In fact you are conspicuously silent on post-1950’s America, when of course it is the Watts Riots, the riots in the wake of MLK’s murder, the Miami riots, and the Rodney King riots that were on people’s minds when they cast a wary eye at black America’s potential reaction to perceived injustice. Well that and the blacks specifically threatening to riot. But white people did something in 1907, so let’s talk about that instead, right?

The entire black-white axis is a simplistic media trope meant to elicit more emotion than reasoned analysis. George Zimmerman is a multi-racial man, not a “white”, who identified as Hispanic for official purposes. Trayvon Martin’s character is actually directly relevant to doubt over who initiated the violence. I know these facts are hard for left wingers to even admit. I still feel Zimmerman had other options than shooting Martin and deserved to be convicted of manslaughter, but spare me the simplistic narrative of “white” predator and innocent black teen.

@ K Woo:

Your racism is showing, and you’re showing that you have adopted a white supremacist mindset.

You go on and on about “black” riots and accuse Scot of signaling out one “white” riot. There have been “white” riots throughout history, including the Rosewood and Tulsa riots, and the “Red Summer” white riots of the early part of the 20th century. Almost all of these riots started because of the false accusation of a white woman accusing a black man of rape. And let’s not even forget all of the lynchings committed by whites against blacks. You don’t want to talk about that. Who is being selective here?

As for George Zimmerman being “white,” he identified himself as such, and a cousin who has accused him of sexual assault has stated that Zimmerman and his family “didn’t like blacks unless they acted white.” That goes to two other points:

1) If Zimmerman wasn’t white, why did whites support him so? It wasn’t because of who he is, but because of who he shot. He shot Trayvon Martin, who was black. That is the only reason why so many whites support him; and

2) Zimmerman had a history of violence, including the sexual assault accusation mentioned above, as well as an assault against a female police officer, and a restraining order filed against him by a former girlfriend.

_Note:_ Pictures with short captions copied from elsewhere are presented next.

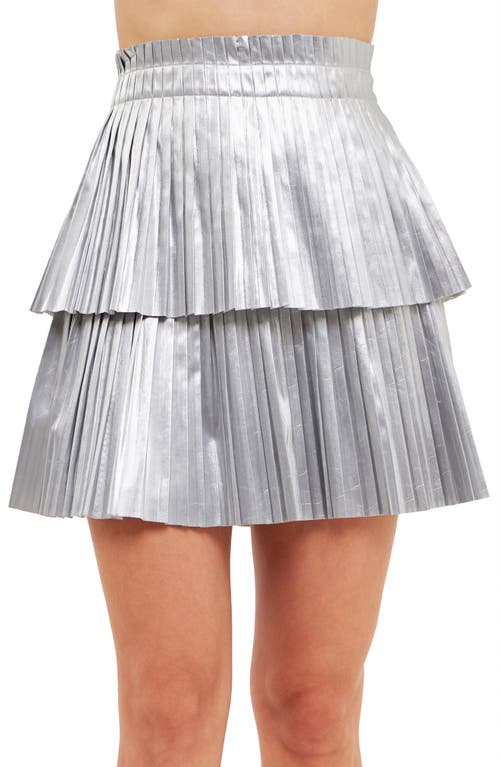 Shop Endless Rose Shiny Pleated Faux Leather Miniskirt In Silver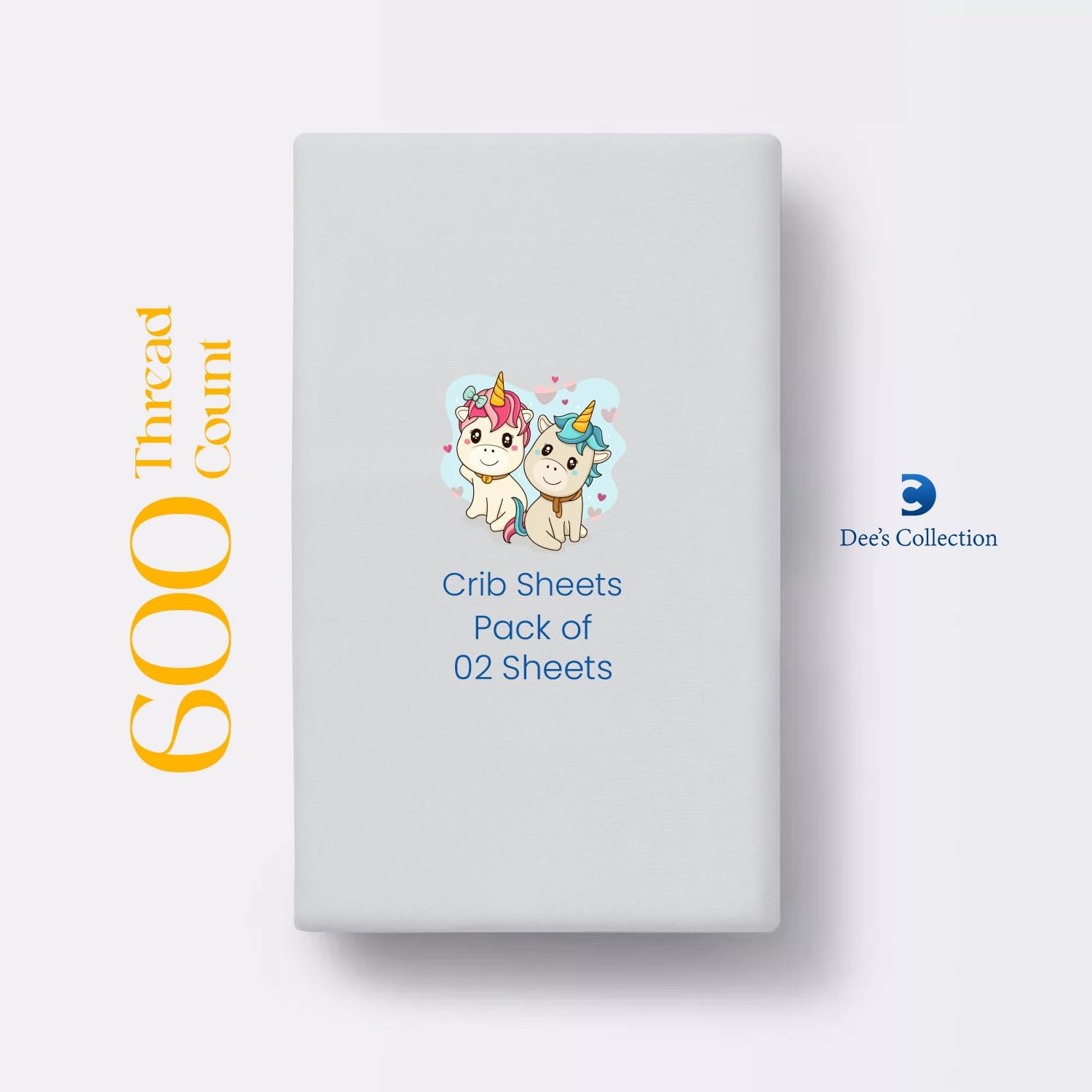 Dee's Collection 2 Pack Mini 24x42 Inch Crib Fitted Sheets Stretchy Portable Fitted Playard Sheet Convertible Playard Mattress Cover,Ultra Soft Breathable 600 TC Cotton Material (Light Grey)
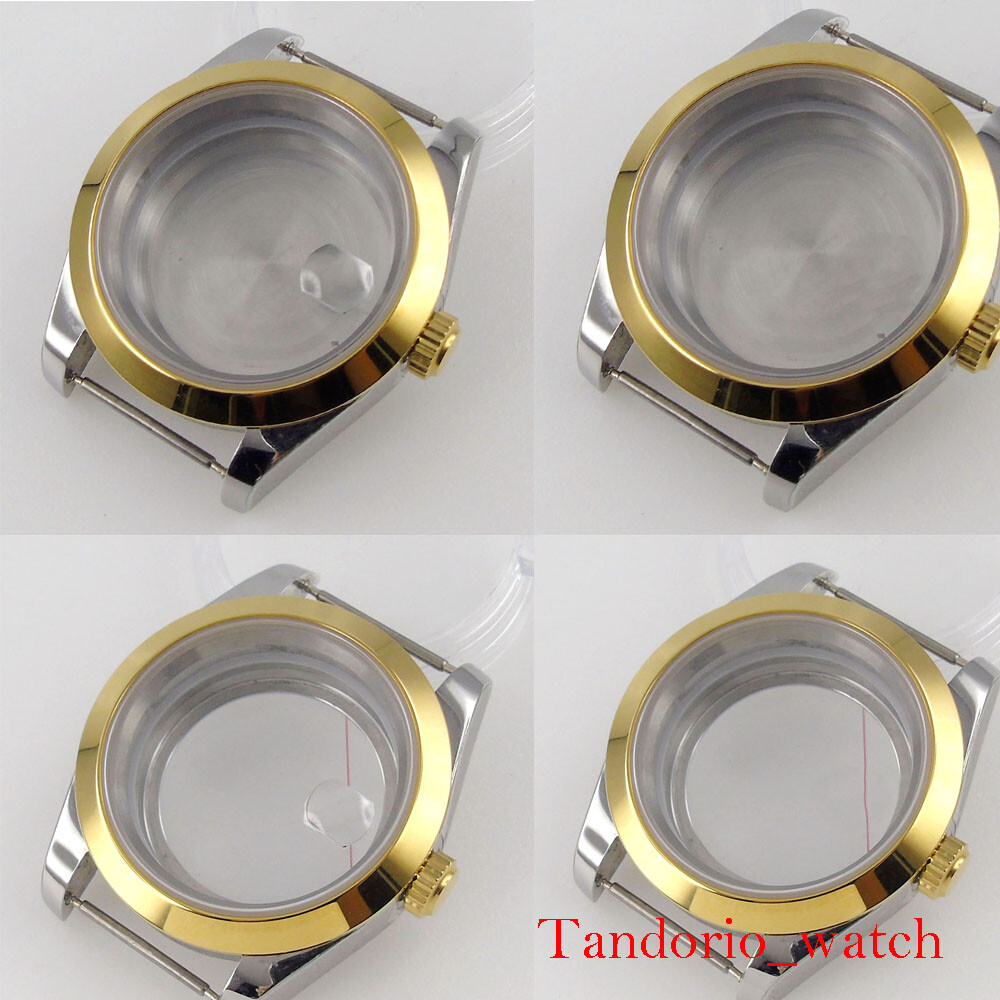 40MM Watch Case Replacement For NH35 NH36 Gold Polished Bezel Sapphire Crystal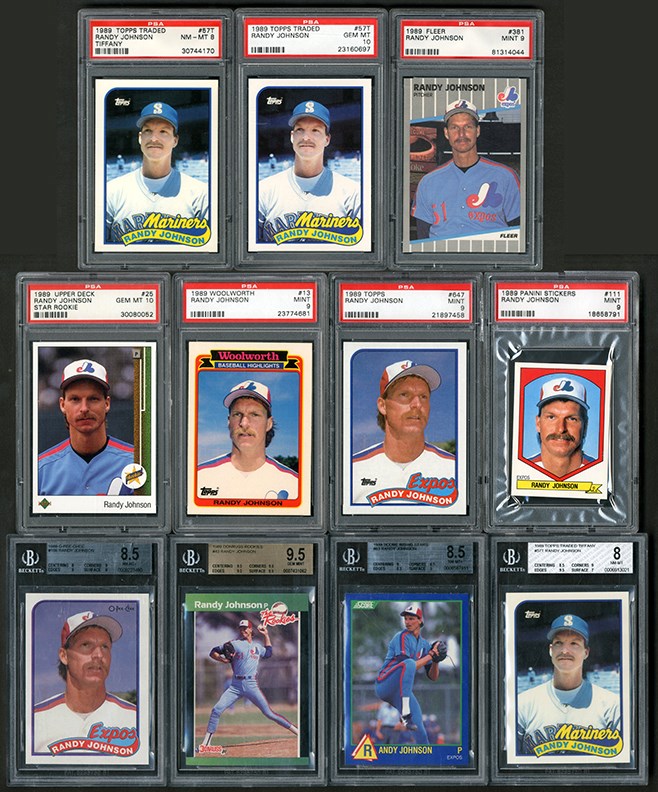 Baseball and Trading Cards - 1989 Randy Johnson PSA & BGS Graded Rookie Collection with Traded Tiffany & Two PSA 10s (11)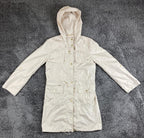 Ellen Tracy Hooded Raincoat Anorak Jacket Beige Gold Hardware Medium Length Sz S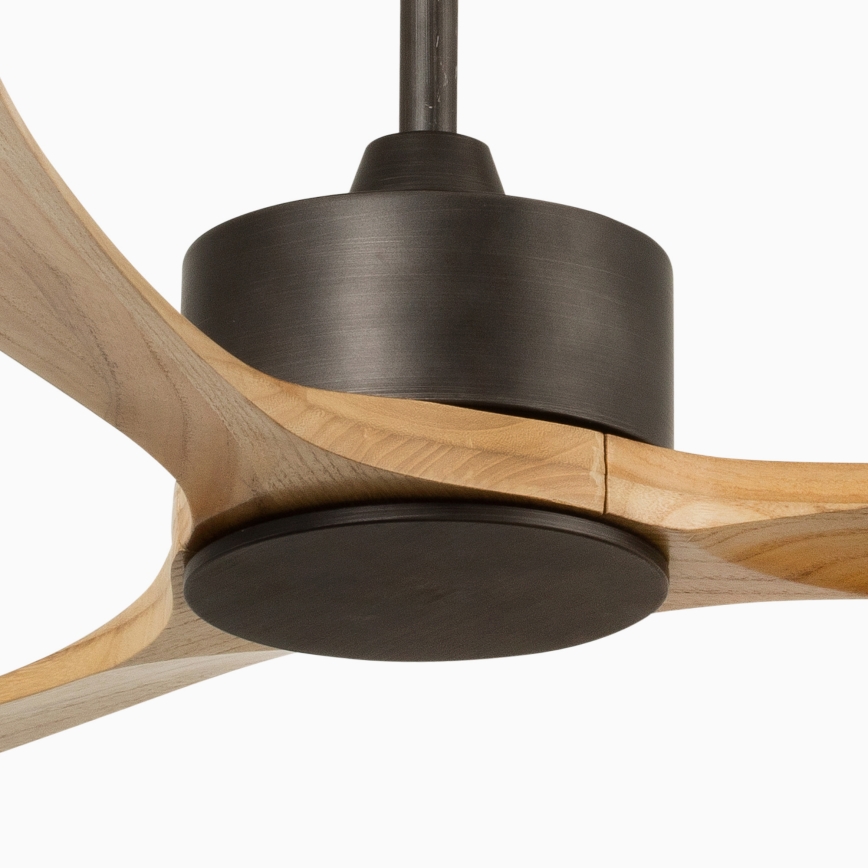 FARO 34200WPA - Ventilateur de plafond KAUAI XXL bois/noir d. 240 cm SMART + Télécommande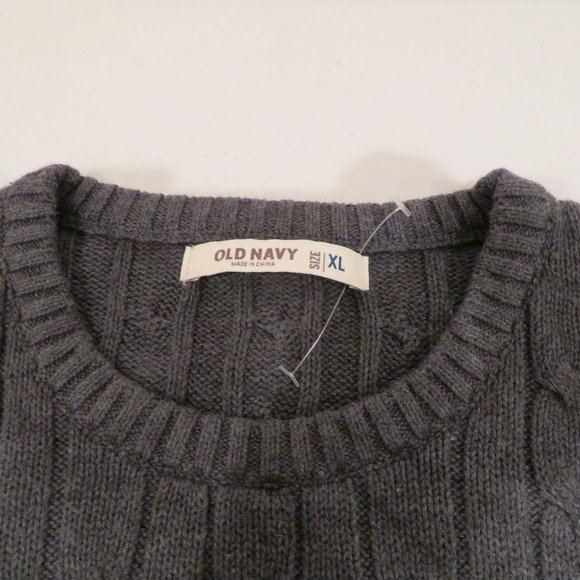Men XL Gray Sweater Old Navy Pullover Cotton Classic Casual Crew Neck Cable Knit - Picture 10 of 16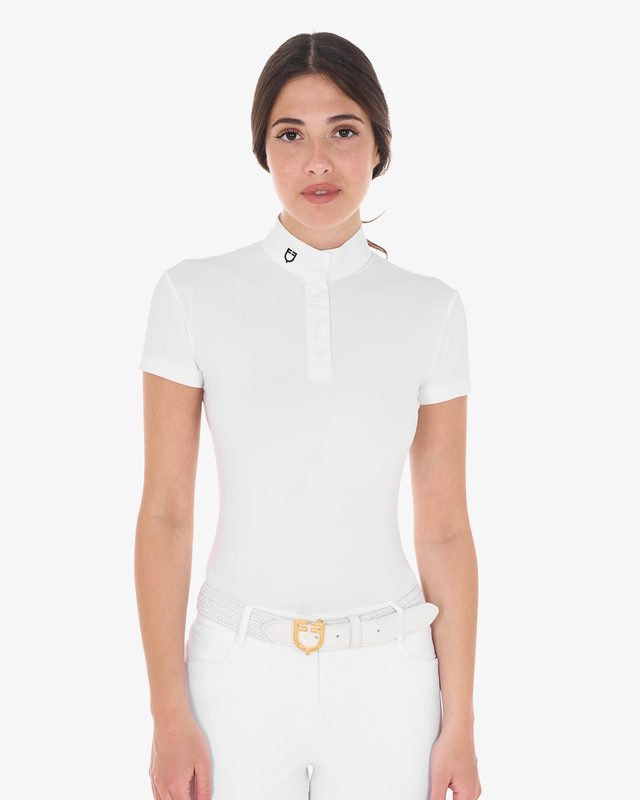 Women's slim fit mandarin collar competition polo shirt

You claim that liberals don’t want to discuss Trayvon Martin’s character and that it may have something to do with the “fight.” It takes racism and selective amnesia to ignore the fact that Zimmerman ignored direct orders by authorities to not get out of the car. He saw a black kid, and got out of the car (again, against orders) because he had a gun, and he knew that he could use Florida’s Stand Your Ground law as an justification to use it. My point is that if Trayvon’s character is fair game (which it isn’t, because he’s the victim here), then Zimmerman’s character (or rather, lack thereof) is fair game.

I actually feel sorry for you, since you are a POC and refuse to recognize the existence of white supremacy and how it affects you.

The only other thing is that if Trayvon was Asian American, this case would probably not be considered a race issue and most likely would never have made it into the public eye.

If he were Asian you wouldn’t hear anything. No public outry because the Asians in this country don’t’ have a voice. Asians don’t have the Al Sharptons, Jessie Jacksons, or Oprah or the NAACP. Asians are the easiest to treat like crap because they don’t stand up and make themselves heard. They wouldn’t go on strike like Latinos or Blacks. When was the last time you ever saw an Asian riot supporting any Asians. Never happens and the people in power and everybody else knows that and it is a very dangerous place to be in for Asians. They need to stand up and use their rights to assemble and protest.